Note: The editorial staff at INDYCAR.com is taking a look back at the 10 biggest moments of 2021 in INDYCAR in this year-end series, with one installment appearing on the site per day in countdown fashion from Dec. 22-31.
A dream formulated nearly a decade ago became reality in 2021.
In the fall of 2014, longtime motorsports executive Beth Paretta had a conversation with a colleague who had recently attended a Formula One race and saw two female engineers working for a team. It was described to Paretta like “seeing two unicorns.”
A thought was generated. Could a team built mostly of women compete in Indianapolis 500 for the first time? Paretta saw no reason why it couldn’t, and if achieved it could be an inspiration to the thousands of young girls who aspire to have a place in the sport.
If Paretta was going to field the team, she needed a driver capable of winning the “500.” She selected Simona De Silvestro, who had made five previous starts in the iconic race at Indianapolis Motor Speedway and was named the “500’s” Rookie of the Year in 2010 after finishing 14th.
Once the idea was shared with Roger Penske, the owner of IMS and the NTT INDYCAR SERIES, the effort went into high gear through Penske’s “Race for Equality & Change” initiative. Penske arranged for a technical alliance with Team Penske, and Paretta began organizing potential crew members and auxiliary personnel to make the Chevrolet-powered operation as female-driven as possible.
On May 23, the No. 16 Chevrolet-powered entry earned its coveted starting position in the 33-car field by posting a four-lap average of 228.353 mph. Yes, it had to survive a nerve-wracking Bump Day, but so did Will Power, a veteran Team Penske driver and the winner of the 2018 “500.” As every competitor knows, Indy has a way of humbling even the best of competitors, and it has been known to show no mercy when it comes to qualifying.
Like others who earned their way into the field on Bump Day, Paretta was admittedly relieved to make the race, which, of course, is never a foregone conclusion.
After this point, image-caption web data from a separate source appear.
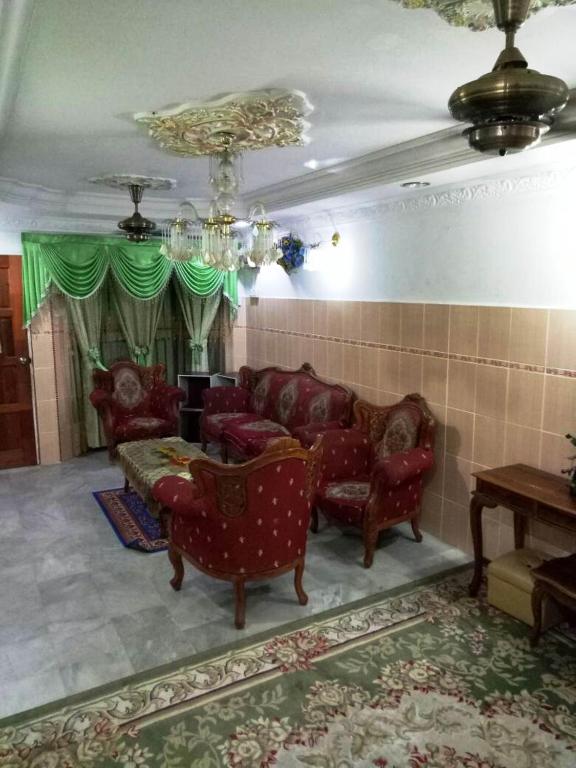 Posezení v ubytování Farzai Homestay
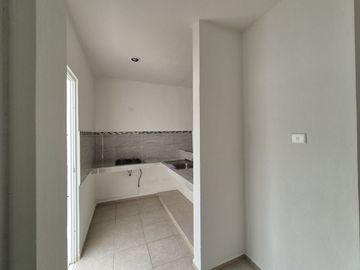 Casa NUEVA y remodelada de 2 rec en Caucel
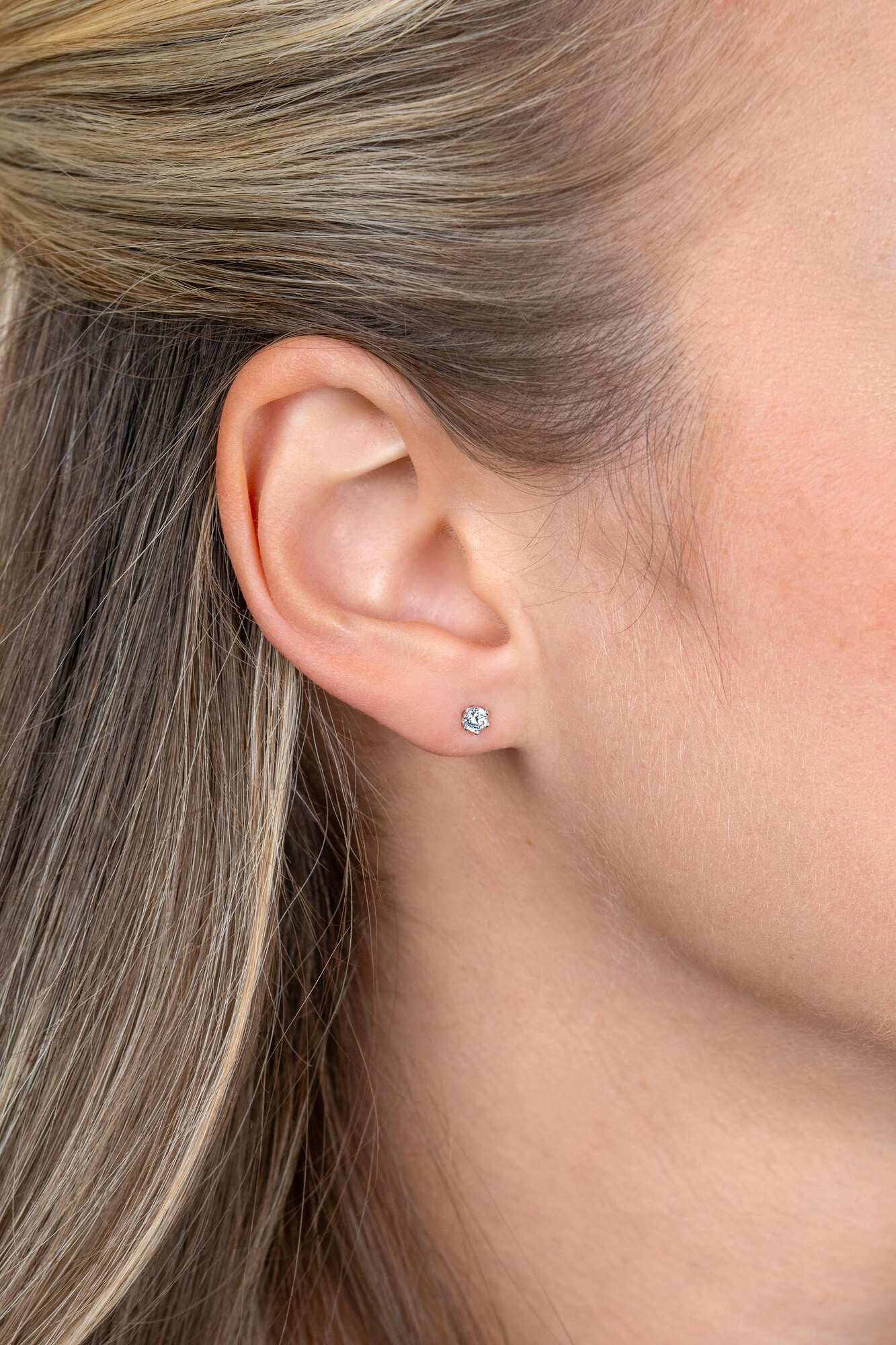 ZINZI GOLD oorknopjes zirc. in zespootchaton 2.5mm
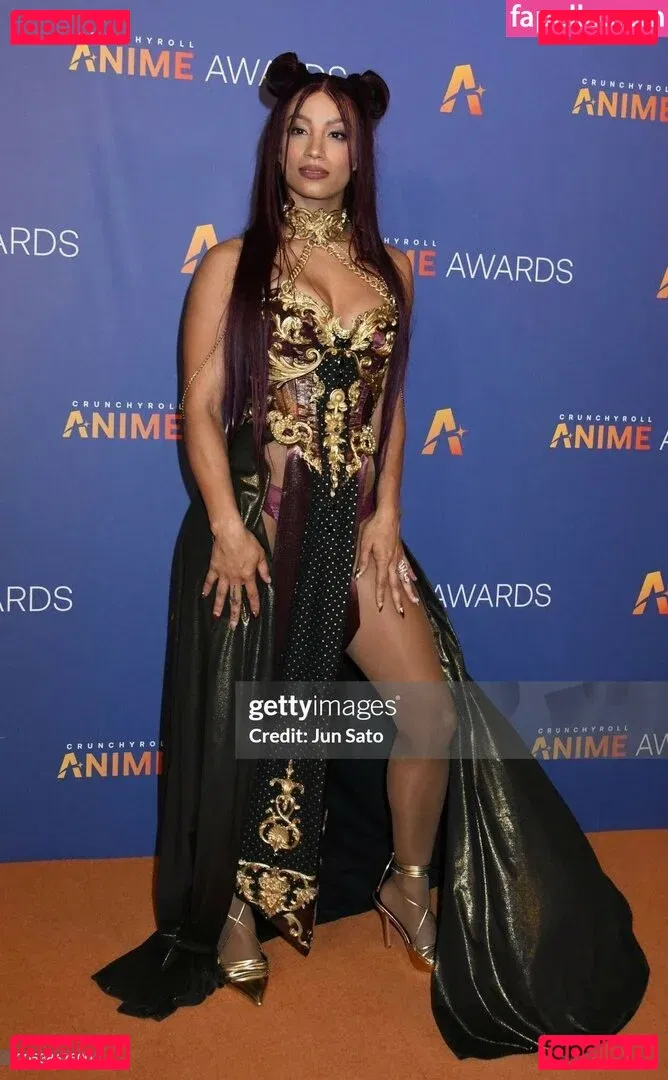 Sasha Banks Onlyfans Photo Gallery 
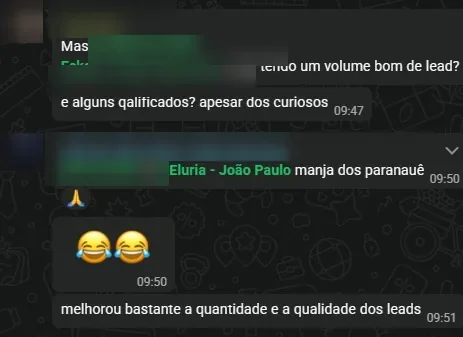Conversa de WhatsApp em grupo: cliente comenta que melhorou bastante a quantidade e a qualidade dos leads depois da Eluria.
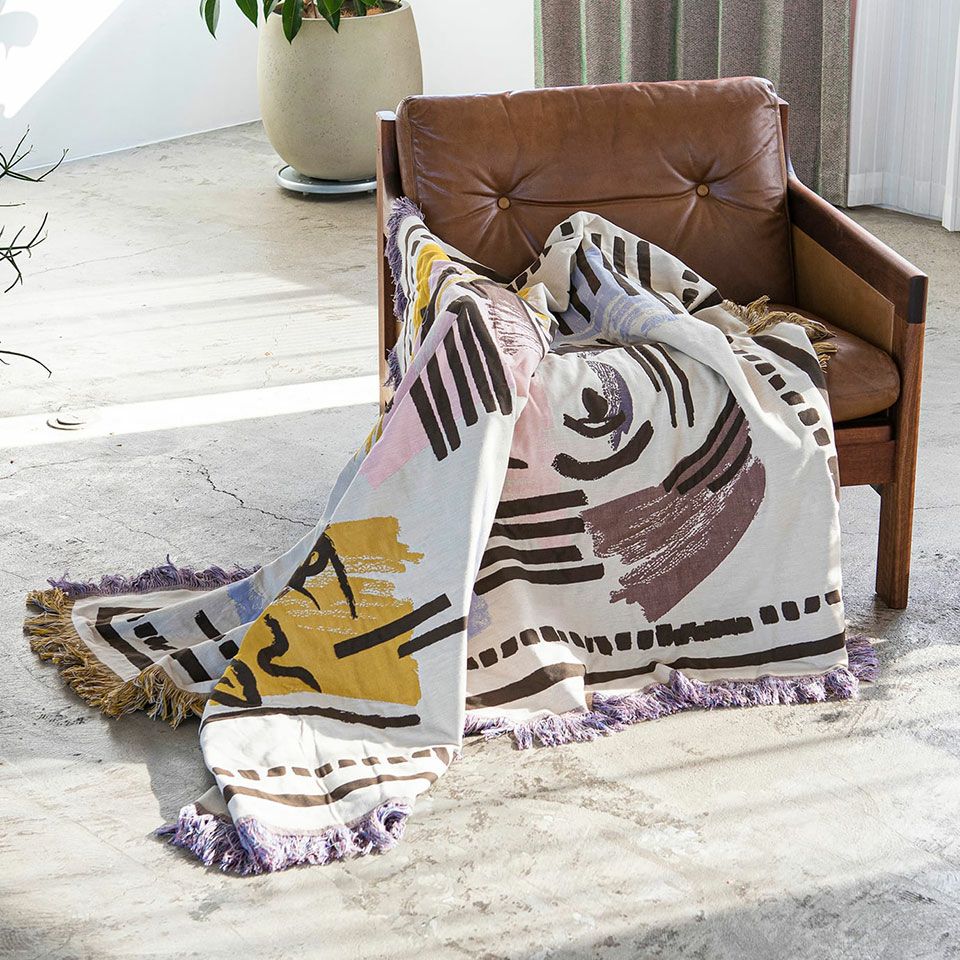 往年のアーティストの作品を見た時の恋に落ちる感覚をスケッチに色を重ねる様に描き、恋をして世界が色づくような感覚を表現しています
“It’s unbelievable,” she said. “It’s like climbing a mountain and getting to the top and looking around to see how beautiful it is. It’s just amazing and a testament to everybody working hard overnight, digging in and never giving up. That’s what it is and that’s what got us here and what got us (in the field) today.”
On Race Day, three of De Silvestro’s four tire changers were women, all there on merit. Race teams are permitted seven people to go over the wall for pit stops, and four of those representing Paretta Autosport were women.
The race did not go as well as intended, with De Silvestro retiring after the car’s brakes locked up and caused her to spin on pit road 31 laps from the finish. (The same thing happened to Power earlier in the race.) De Silvestro was credited with the 31st finishing position.
Still, the point had been made, and Paretta and her group soon began making plans for a return in 2022.